I hear from a lot of anglers who prefer chasing big trout on big water that small-stream fly fishing is easy and that the fish aren’t as sophisticated as big-water trout.
This may be true, in some instances, but I’m here to tell you that you’ll need more casts in your toolbox to effectively cast to small-stream strucure than you will from the front of a drift boat. I’m also here to tell you that you have a better chance of spooking small-stream trout by simply walking the bank of a backcountry trout stream than you will by lining a big trout in big water.
And, I’ll also maintain that structure in small water is likely more important than it is in big water, at least for bigger fish.

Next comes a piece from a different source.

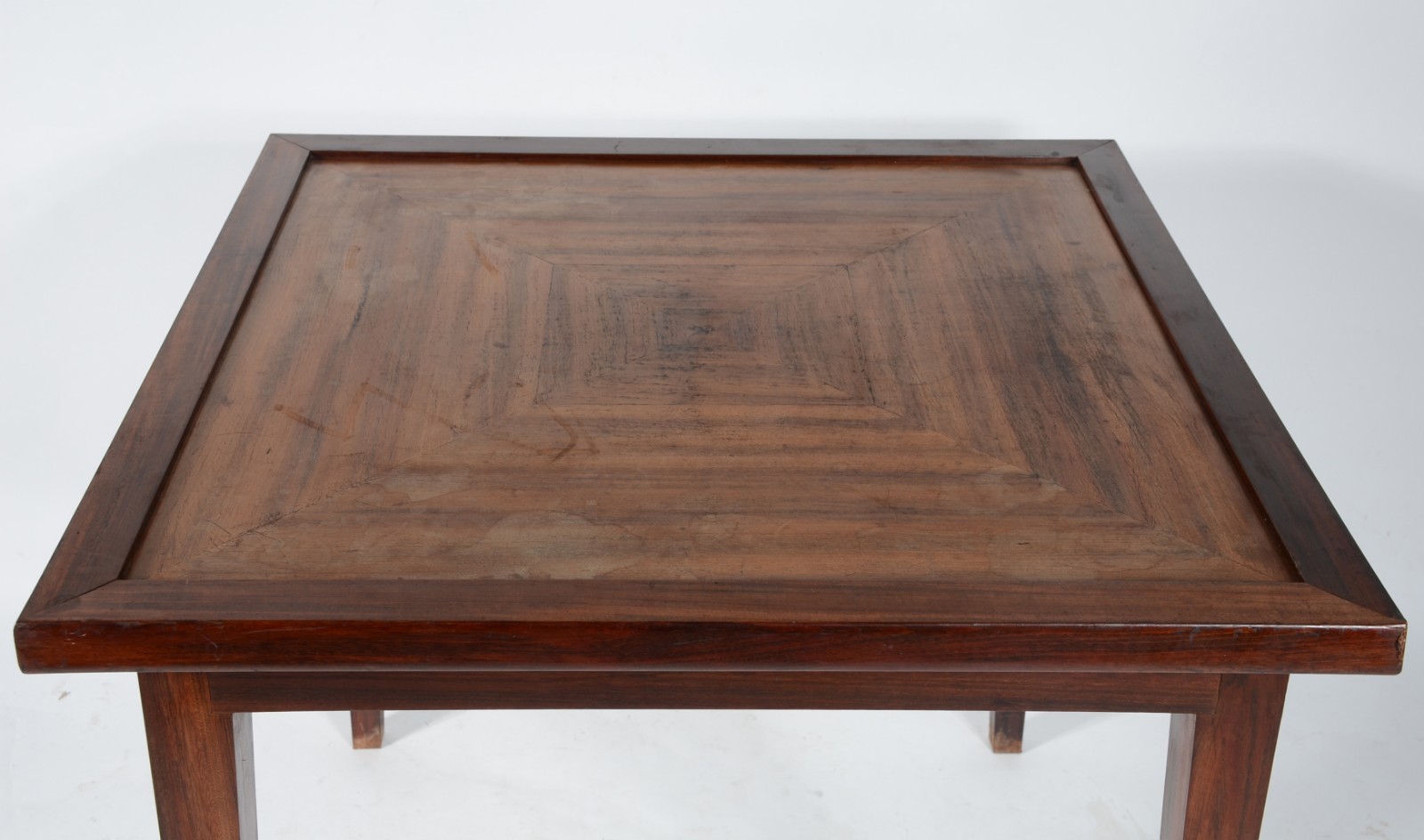 Mesa para jogo de madeira nobre, pés retos, tampo reversível... - foto 3 de 5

It’s simple. Small-stream trout have limited habitat. Very rarely will you find backcountry trout just hanging out midstream waiting for the next helping of drifting food. Life is tougher for these small-water fish, and they respond to hugging structure and being tuned in to what’s happening around them. So you’ll need to fish that structure, and you’ll need to hone some “short-game” casting skills to fish it effectively.
In the video above, I talk about chasing small-water trout and how important structure is to fishing for them. If you want to chase backcountry trout, you might want to practice your casting. Practice things like the reach cast, the mend, the dap … and practice putting the fly in tight spots, because backcountry trout need structure to survive.